A new discovery, on the other hand, is a composer who is almost completely forgotten today and has disappeared from the concert programmes: Joachim Raff. He was a colleague of Johannes Brahms and Robert Schumann, and during his lifetime, one of the most successful composers in the German-speaking world. His contemporaries considered him the equal of Wagner and Brahms. His Ninth Symphony, entitled “In Summer” is one of his best-known works, and it would be well worth performing the complete symphony at one of our concerts. While that would go beyond the scope of this programme, we are pleased to present the first movement, “A Hot Day”, to you. Almost as an overture, as an appetizer.

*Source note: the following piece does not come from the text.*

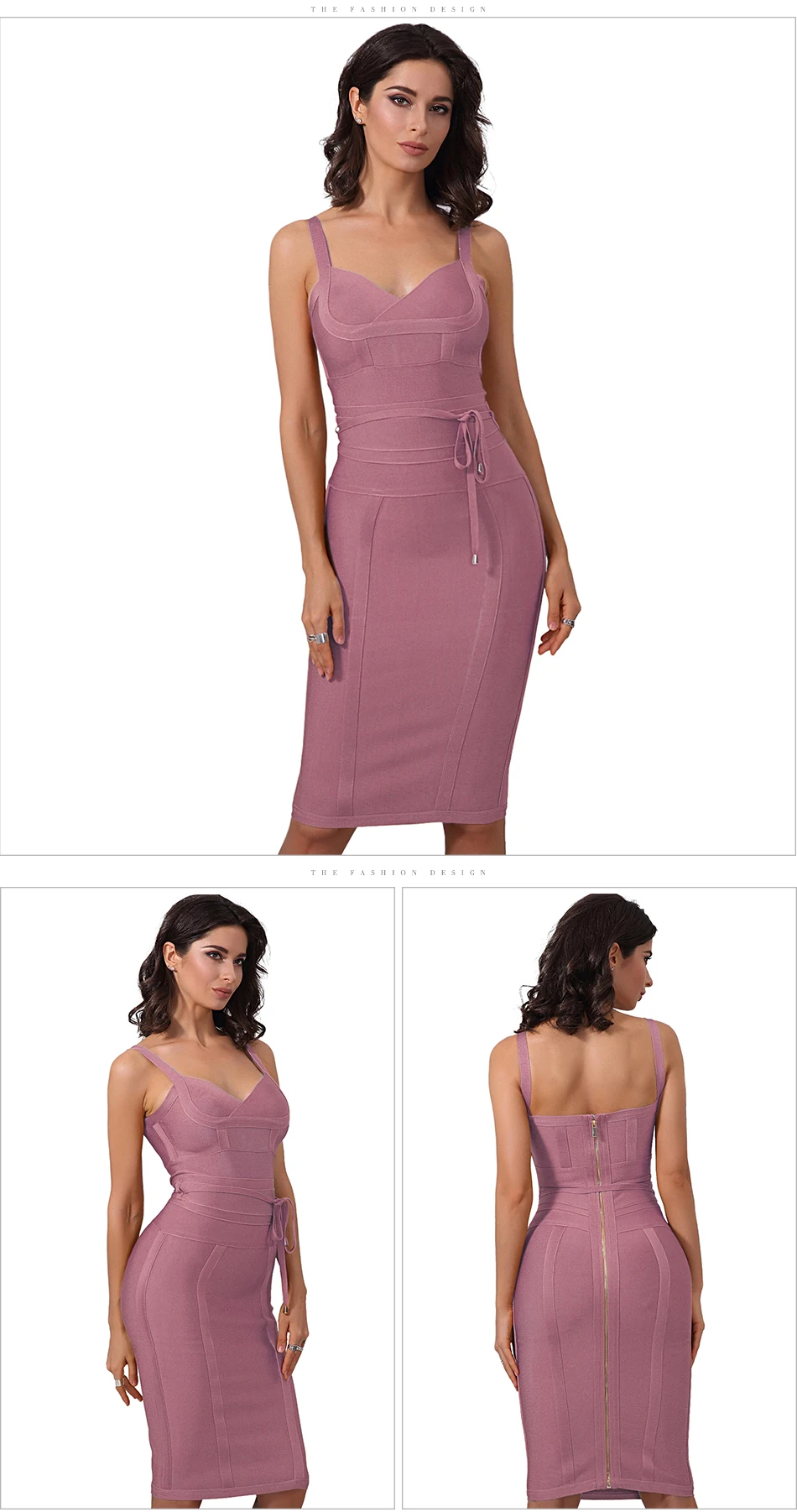 Chic Spaghetti Strap Bandage Bodycon Dress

In some respects the solo concerto also fits in with our theme, as it plays with the notion of time. It is called “Frozen in time”, and features an instrument or family of instruments which, like salt in soup, plays an indispensable yet rarely noticed role in orchestral music – and hardly ever makes an appearance as a solo instrument: the percussion. Percussionist Christoph Sietzen, a Luxembourger born in Salzburg, is a master of his craft, and we are grateful to him for finding time to take part in our concert.